Manhood is relative to each individual, I’d say, so there is no specific age range or set of events that mark him as a man. Nor do I think it’s a singular event where one minute you’re a boy then BAM you’re a man. It’s a progression that lasts until a man dies. I do think, however, there is a landmark along the way from which it’s almost impossible to regress from. It’s seen as a series of intuitive leaps and personal experiences. He finds something he’s passionate about and he acts upon it. His vocabulary increases dramatically, he suddenly finds the right words to describe precisely how he feels, and he becomes more in touch with himself, distinguishing his neuroses from his true thoughts. He becomes a man because he becomes himself, finally knowing who that person is for the first time.
What events and/or people have shaped your thinking on this subject? If there is a particular person or two that have shaped your thinking, what was it about them that left an impression on you?
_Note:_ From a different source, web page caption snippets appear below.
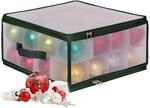 Relaxdays Weihnachtskugel Aufbewahrungsbox, 32 Kugeln, HxBxT: 18x36x36 cm,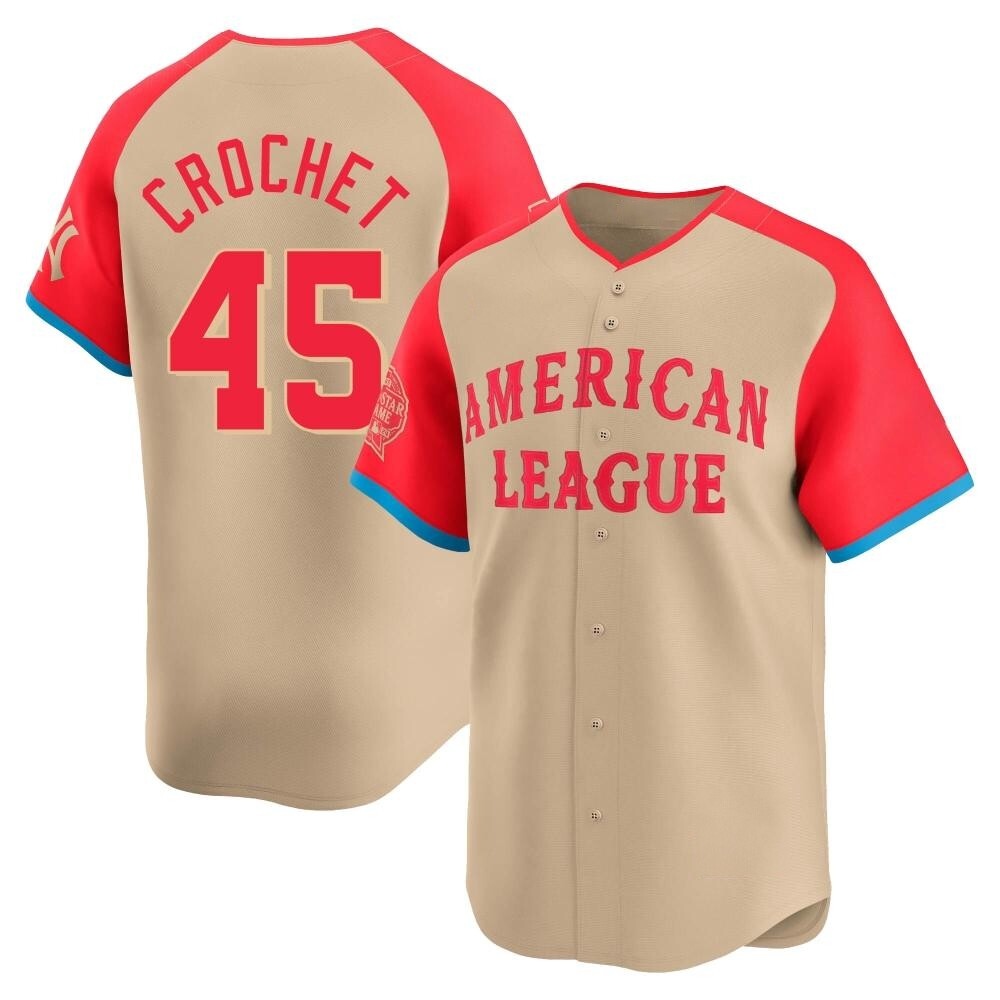Limited Garrett Crochet Men's Chicago White Sox Cream American League 2024 All-Star Game Jersey Limited Garrett Crochet Men's Chicago White Sox Cream American League 2024 All-Star Game Jersey
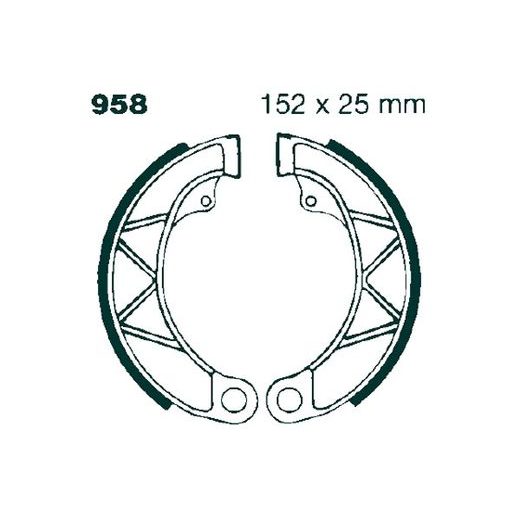 Brake shoe set EBC 958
A close friend of mine from home, Bethany Herron, asked me one night what church I went to. I didn’t go to one at that time. I considered myself a Christian, but along with not going to church I didn’t do anything else with my Christianity. I was stagnant, content with where I was, content with saying I believed in Him and leaving it at that. That called me to get up and do something about it. It also made me look at other aspects of my life where I was content. Was I stagnant in other parts of my life? If I considered myself to be a man, what was I doing to establish and improve myself as a man?
I’m not saying Christianity is what makes someone a man.I’m not even saying religion makes someone a man. I’m saying Christianity is what helped make ME a man. Allah, Buddha, or lack thereof are just as capable at doing this. Ultimately, the man is responsible for making himself a man.
Are there any essays, books or other literature you’ve read that give you insight or clarity?
Currently reading Awareness by Anthony DeMello, which helps you observe yourself and how you look at others
Emerson’s The American Scholar. The thinking man vs. Man Thinking is something I believe every man should be aware of.
Beyond that, it’s what you’re most passionate about that determines what literature can serve as a gateway to insight. Mine was The Four Loves by C.S. Lewis.